**About this exercise**
Copy the data exactly. Images are to be left out.

**Material provided**
========================================

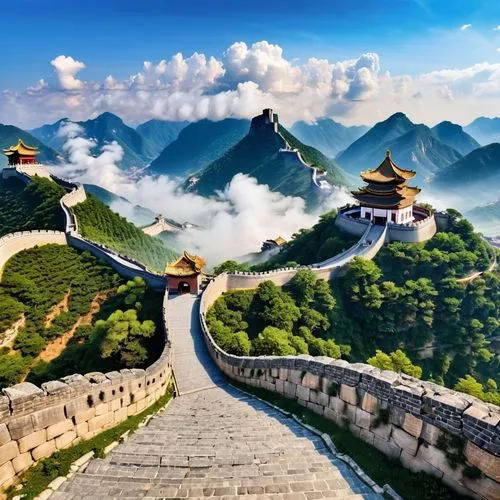 great wall,yangshao,wudang,dragon bridge,landscape background,wall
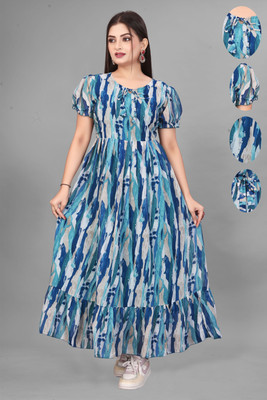 Bhadani Women Fit and Flare Multicolor Maxi/Full Length Dress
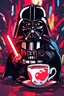 Placeholder: Tiny darth vader holding a red light saber, standing inside a coffee mug, neon colors, explosions background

========================================

**Your response**
 great wall,yangshao,wudang,dragon bridge,landscape background,wall
 Bhadani Women Fit and Flare Multicolor Maxi/Full Length Dress
 Placeholder: Tiny darth vader holding a red light saber, standing inside a coffee mug, neon colors, explosions background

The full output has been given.